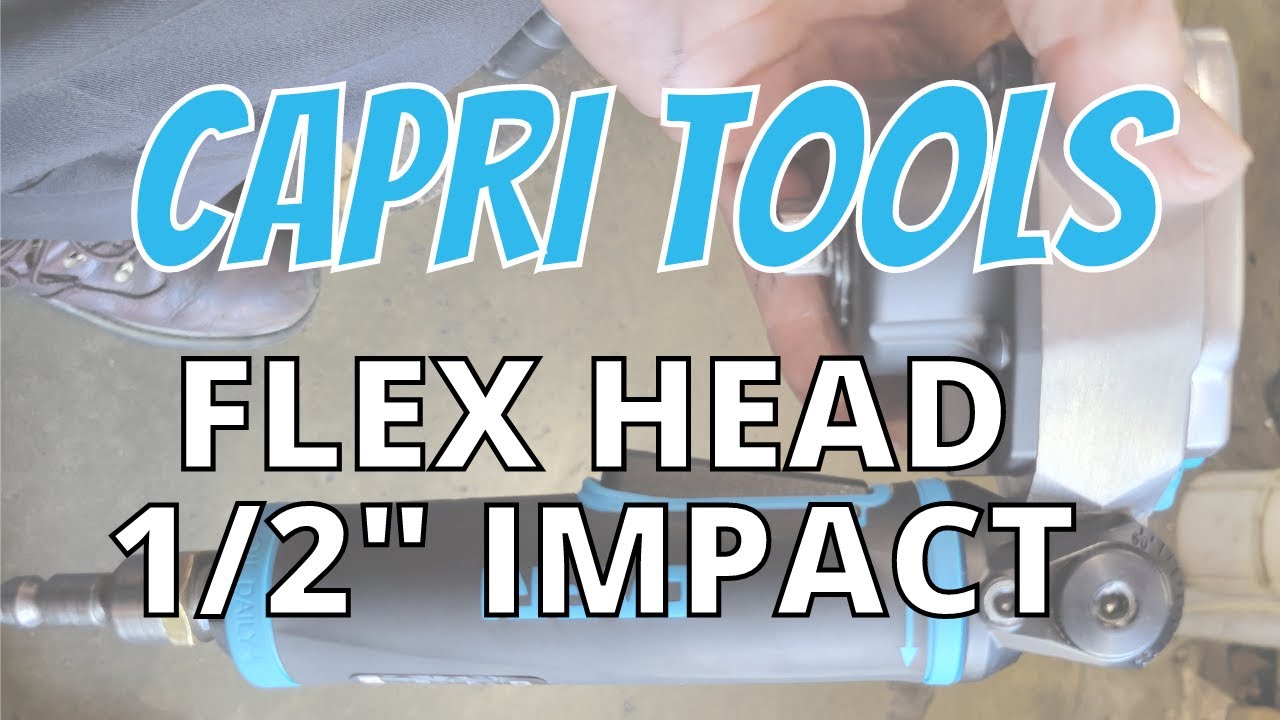 CAPRI TOOLS FLEX HEAD 1/2
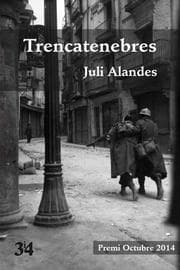 Cover von Trencatenebres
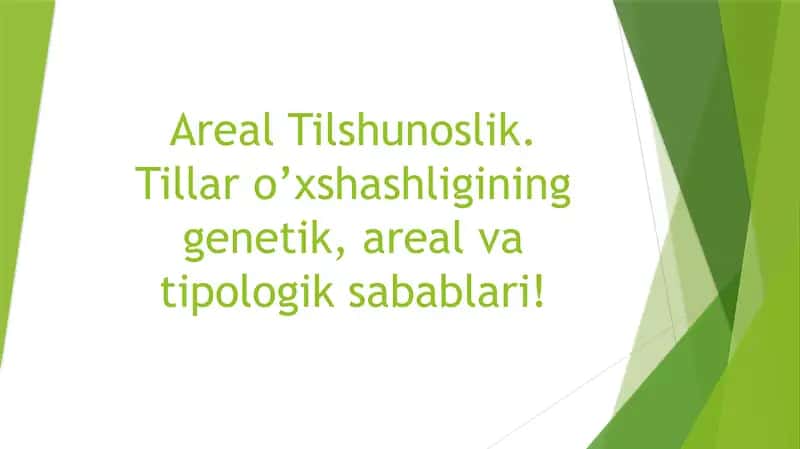 Areal Tilshunoslik. Tillar o’xshashligining genetik, areal va tipologik sabablari!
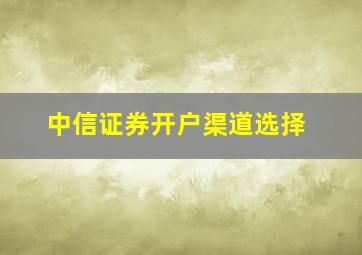 中信证券开户渠道选择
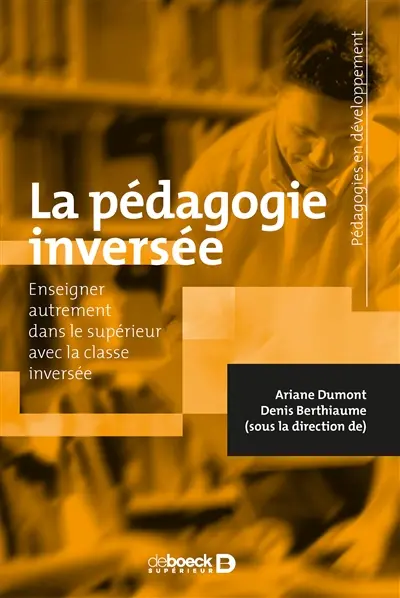 La pédagogie inversée : enseigner autrement dans le supérieur avec la classe inversée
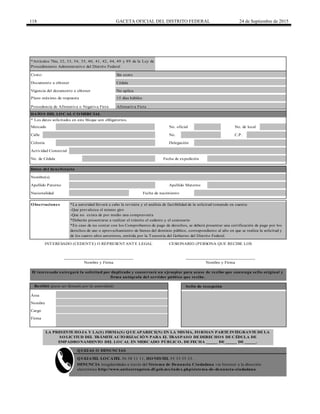 118 GACETA OFICIAL DEL DISTRITO FEDERAL 24 de Septiembre de 2015
Plazo máximo de respuesta
Procedencia de Afirmativa o Negativa Ficta Afirmativa Ficta
Calle No. C.P.
______________________________
Nombre y Firma
Mercado
Documento a obtener Cédula
Costo: Sin costo
*Artículos 7bis, 32, 33, 34, 35, 40, 41, 42, 44, 49 y 89 de la Ley de
Procedimiento Administrativo del Distrito Federal
DENUNCIA irregularidades a través del Sistema de Denuncia Ciudadana vía Internet a la dirección
electrónica http://www.anticorrupcion.df.gob.mx/index.php/sistema-de-denuncia-ciudadana
El interesado entregará la solicitud por duplicado y conservará un ejemplar para acuse de recibo que contenga sello original y
firma autógrafa del servidor público que recibe.
Recibió (para ser llenado por la autoridad) Sello de recepción
Área
Nombre
Cargo
Firma
QUEJAS O DENUNCIAS
QUEJATEL LOCATEL 56 58 11 11, HONESTEL 55 33 55 33.
LA PRESENTE HOJA Y LA(S) FIRMA(S) QUE APARECE(N) EN LA MISMA, FORMAN PARTE INTEGRANTE DE LA
SOLICITUD DEL TRÁMITE AUTORIZACIÓN PARA EL TRASPASO DE DERECHOS DE CÉDULA DE
EMPADRONAMIENTO DEL LOCAL EN MERCADO PÚBLICO, DE FECHA _____ DE _____ DE _____.
______________________________
Nombre y Firma
Vigencia del documento a obtener
Observaciones
Colonia Delegación
Actividad Comercial
No. de Cédula
INTERESADO (CEDENTE) O REPRESENTANTE LEGAL CESIONARIO (PERSONA QUE RECIBE LOS
No aplica
15 días hábiles
DATOS DEL LOCAL COMERCIAL
* Los datos solicitados en este bloque son obligatorios.
No. oficial No. de local
Fecha de expedición
Nacionalidad Fecha de nacimiento
*La autoridad llevará a cabo la revisión y el análisis de factibilidad de la solicitud tomando en cuenta:
-Que prevalezca el mismo giro
-Que no exista de por medio una compraventa
*Deberán presentarse a realizar el trámite el cedente y el cesionario
*En caso de no contar con los Comprobantes de pago de derechos, se deberá presentar una certificación de pago por los
derechos de uso o aprovechamiento de bienes del dominio público, correspondiente al año en que se realiza la solicitud y
de los cuatro años anteriores, emitida por la Tesorería del Gobierno del Distrito Federal.
Datos del beneficiario
Nombre(s)
Apellido Paterno Apellido Materno
 
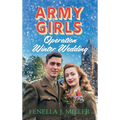 Army Girls: Operation Winter Wedding - Hardcover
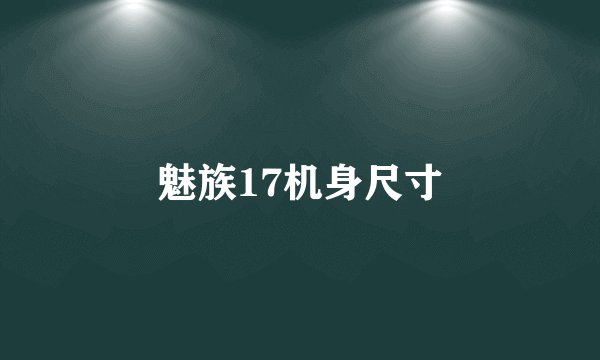 魅族17机身尺寸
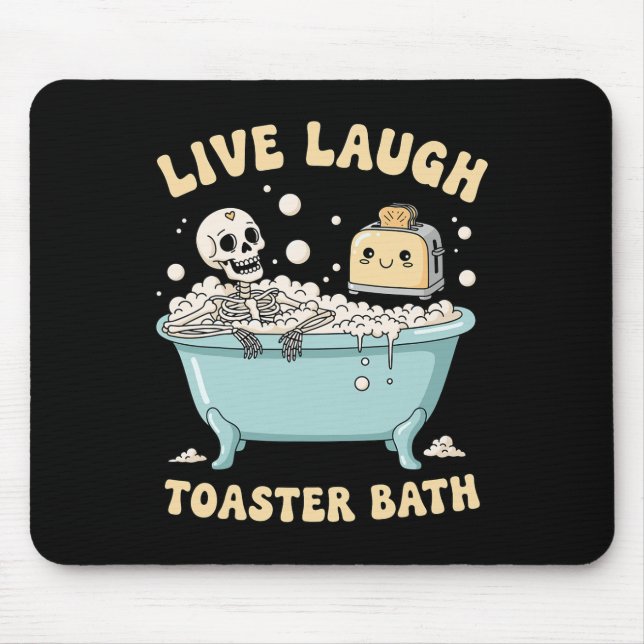Live Laugh Toaster Th Funny Skeleton Meme Dark Hum Mouse Pad (Front)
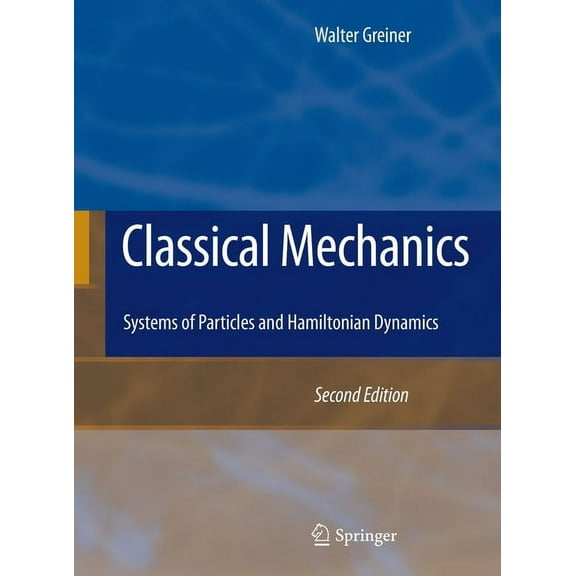 Classical Mechanics: Systems of Particles and Hamiltonian Dynamics (Paperback)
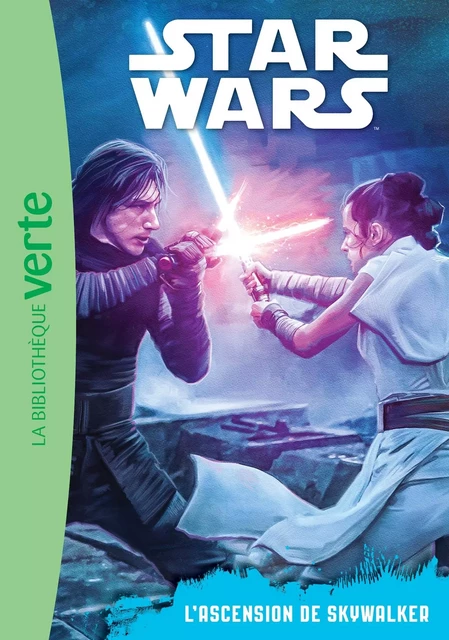 Star Wars 09 - Episode 9 (6-8 ans) - L'ascension de Skywalker -  Lucasfilm - HACHETTE JEUN.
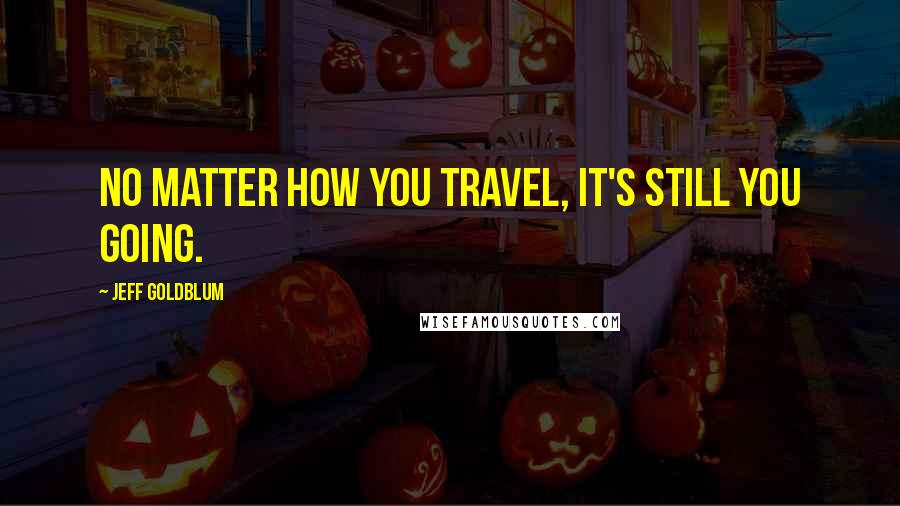 Jeff Goldblum Quotes: No matter how you travel, it's still you going.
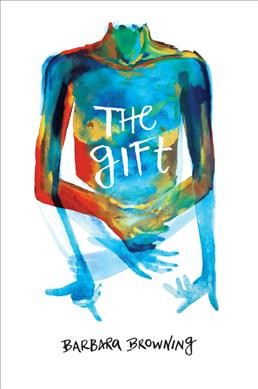 The gift : (or, techniques of the body) / Barbara Browning.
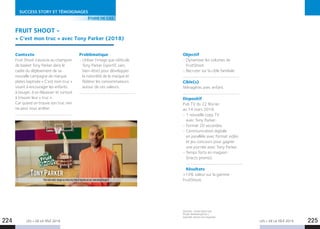 LES + DE LA TÉLÉ 2019 LES + DE LA TÉLÉ 2019224 225
SUCCESS STORY ET TÉMOIGNAGES
FRUIT SHOOT -
« C’est mon truc » avec Tony Parker (2018)
Contexte
Fruit Shoot s’associe au champion
de basket Tony Parker dans le
cadre du déploiement de sa
nouvelle campagne de marque
plates baptisée « C’est mon truc »
visant à encourager les enfants
à bouger, à se dépasser et surtout
à trouver leur « truc ».
Car quand on trouve son truc rien
ne peut nous arrêter.
Problématique
- Utiliser l’image que véhicule
Tony Parker (sportif, sain,
bien-être) pour développer
la notoriété de la marque et
fédérer les consommateurs
autour de ces valeurs.
Sources : www.snptv.org
Étude MarketingScan /
exposés versus non exposés.
ÉTUDE DE CAS
Objectif
- Dynamiser les volumes de
FruitShoot.
- Recruter sur la cible familiale.
Cible(s)
Ménagères avec enfant.
Dispositif 
Pub TV du 22 février
au 14 mars 2018.
- 1 nouvelle copy TV
avec Tony Parker.
- Format 20 secondes.
- Communication digitale
en parallèle avec format vidéo
et jeu concours pour gagner
une journée avec Tony Parker.
- Temps forts en magasin
(tracts promo).
Résultats
+14% valeur sur la gamme
FruitShoot.
 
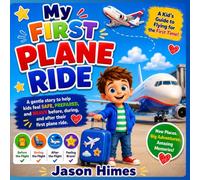 My First Plane Ride: A Kid's Guide to Flying for the First Time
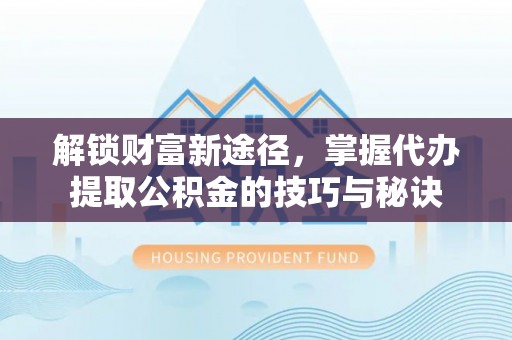 合山解锁财富新途径，掌握代办提取公积金的技巧与秘诀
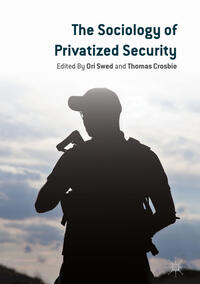 Vorderes Coverbild The Sociology of Privatized Security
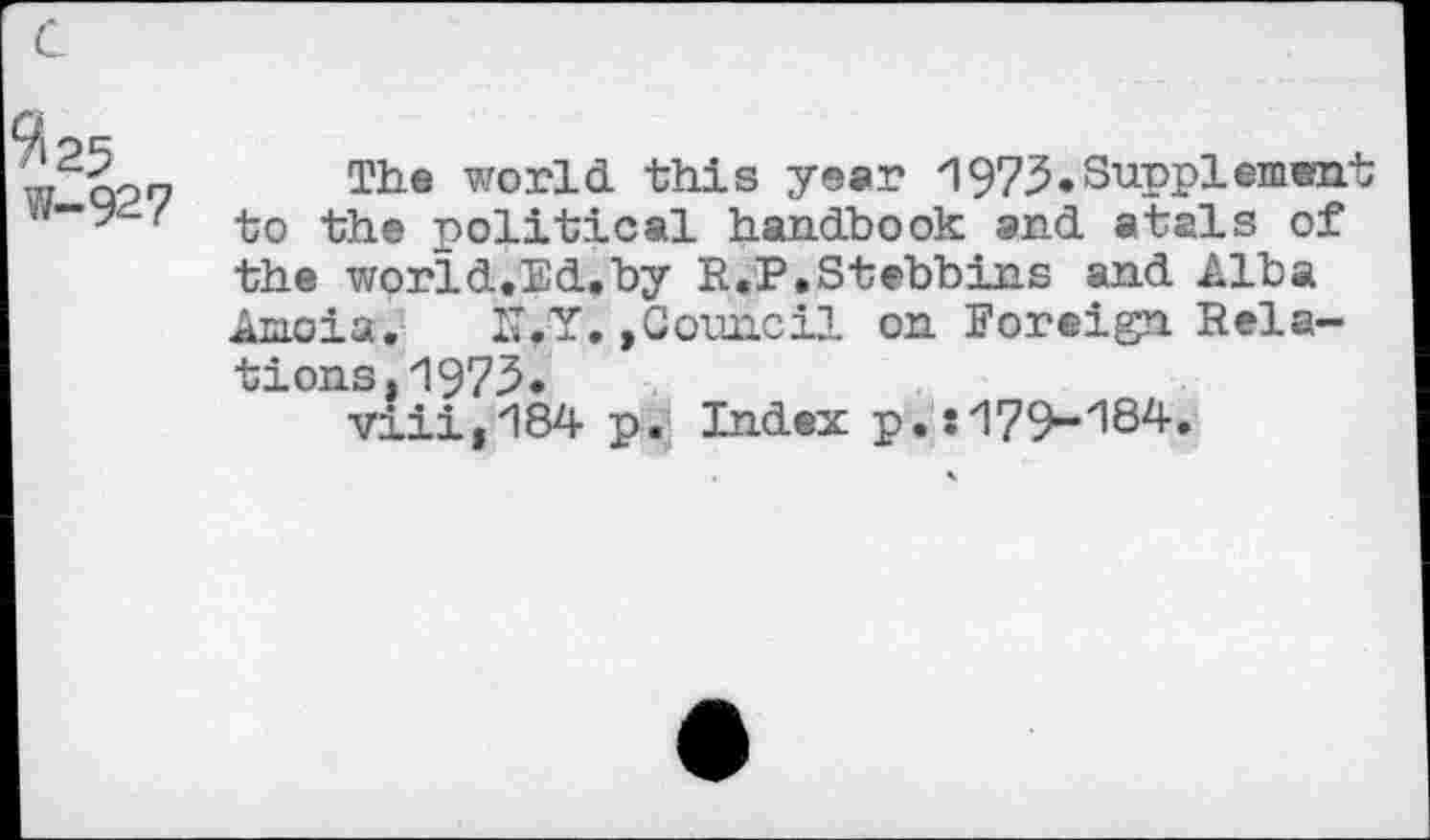 ﻿w qoo The world this year 1973«Supplement w“y ( ^-0 political handbook and atals of the world.Ed.by R.P.Stebbins and Alba Amoia.	IT,Y. »Council on Foreign Rela-
tions. 1973* vlii,184 p. Index p. î 179-184.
━━━━━━━━━━
PROBLEM ▸ Every line of the material must be returned exactly; leave the images out.

YOUR RESPONSE ▸
 CAPRI TOOLS FLEX HEAD 1/2
 Cover von Trencatenebres
 Areal Tilshunoslik. Tillar o’xshashligining genetik, areal va tipologik sabablari!
 中信证券开户渠道选择
 La pédagogie inversée : enseigner autrement dans le supérieur avec la classe inversée
 118 GACETA OFICIAL DEL DISTRITO FEDERAL 24 de Septiembre de 2015
Plazo máximo de respuesta
Procedencia de Afirmativa o Negativa Ficta Afirmativa Ficta
Calle No. C.P.
______________________________
Nombre y Firma
Mercado
Documento a obtener Cédula
Costo: Sin costo
*Artículos 7bis, 32, 33, 34, 35, 40, 41, 42, 44, 49 y 89 de la Ley de
Procedimiento Administrativo del Distrito Federal
DENUNCIA irregularidades a través del Sistema de Denuncia Ciudadana vía Internet a la dirección
electrónica http://www.anticorrupcion.df.gob.mx/index.php/sistema-de-denuncia-ciudadana
El interesado entregará la solicitud por duplicado y conservará un ejemplar para acuse de recibo que contenga sello original y
firma autógrafa del servidor público que recibe.
Recibió (para ser llenado por la autoridad) Sello de recepción
Área
Nombre
Cargo
Firma
QUEJAS O DENUNCIAS
QUEJATEL LOCATEL 56 58 11 11, HONESTEL 55 33 55 33.
LA PRESENTE HOJA Y LA(S) FIRMA(S) QUE APARECE(N) EN LA MISMA, FORMAN PARTE INTEGRANTE DE LA
SOLICITUD DEL TRÁMITE AUTORIZACIÓN PARA EL TRASPASO DE DERECHOS DE CÉDULA DE
EMPADRONAMIENTO DEL LOCAL EN MERCADO PÚBLICO, DE FECHA _____ DE _____ DE _____.
______________________________
Nombre y Firma
Vigencia del documento a obtener
Observaciones
Colonia Delegación
Actividad Comercial
No. de Cédula
INTERESADO (CEDENTE) O REPRESENTANTE LEGAL CESIONARIO (PERSONA QUE RECIBE LOS
No aplica
15 días hábiles
DATOS DEL LOCAL COMERCIAL
* Los datos solicitados en este bloque son obligatorios.
No. oficial No. de local
Fecha de expedición
Nacionalidad Fecha de nacimiento
*La autoridad llevará a cabo la revisión y el análisis de factibilidad de la solicitud tomando en cuenta:
-Que prevalezca el mismo giro
-Que no exista de por medio una compraventa
*Deberán presentarse a realizar el trámite el cedente y el cesionario
*En caso de no contar con los Comprobantes de pago de derechos, se deberá presentar una certificación de pago por los
derechos de uso o aprovechamiento de bienes del dominio público, correspondiente al año en que se realiza la solicitud y
de los cuatro años anteriores, emitida por la Tesorería del Gobierno del Distrito Federal.
Datos del beneficiario
Nombre(s)
Apellido Paterno Apellido Materno
 
 Army Girls: Operation Winter Wedding - Hardcover
 魅族17机身尺寸
Live Laugh Toaster Th Funny Skeleton Meme Dark Hum Mouse Pad (Front)
 Classical Mechanics: Systems of Particles and Hamiltonian Dynamics (Paperback)
 Star Wars 09 - Episode 9 (6-8 ans) - L'ascension de Skywalker -  Lucasfilm - HACHETTE JEUN.
 Jeff Goldblum Quotes: No matter how you travel, it's still you going.
 The gift : (or, techniques of the body) / Barbara Browning.
 LES + DE LA TÉLÉ 2019 LES + DE LA TÉLÉ 2019224 225
SUCCESS STORY ET TÉMOIGNAGES
FRUIT SHOOT -
« C’est mon truc » avec Tony Parker (2018)
Contexte
Fruit Shoot s’associe au champion
de basket Tony Parker dans le
cadre du déploiement de sa
nouvelle campagne de marque
plates baptisée « C’est mon truc »
visant à encourager les enfants
à bouger, à se dépasser et surtout
à trouver leur « truc ».
Car quand on trouve son truc rien
ne peut nous arrêter.
Problématique
- Utiliser l’image que véhicule
Tony Parker (sportif, sain,
bien-être) pour développer
la notoriété de la marque et
fédérer les consommateurs
autour de ces valeurs.
Sources : www.snptv.org
Étude MarketingScan /
exposés versus non exposés.
ÉTUDE DE CAS
Objectif
- Dynamiser les volumes de
FruitShoot.
- Recruter sur la cible familiale.
Cible(s)
Ménagères avec enfant.
Dispositif 
Pub TV du 22 février
au 14 mars 2018.
- 1 nouvelle copy TV
avec Tony Parker.
- Format 20 secondes.
- Communication digitale
en parallèle avec format vidéo
et jeu concours pour gagner
une journée avec Tony Parker.
- Temps forts en magasin
(tracts promo).
Résultats
+14% valeur sur la gamme
FruitShoot.
 
 My First Plane Ride: A Kid's Guide to Flying for the First Time
 合山解锁财富新途径，掌握代办提取公积金的技巧与秘诀
 Vorderes Coverbild The Sociology of Privatized Security
 ﻿w qoo The world this year 1973«Supplement w“y ( ^-0 political handbook and atals of the world.Ed.by R.P.Stebbins and Alba Amoia.	IT,Y. »Council on Foreign Rela-
tions. 1973* vlii,184 p. Index p. î 179-184.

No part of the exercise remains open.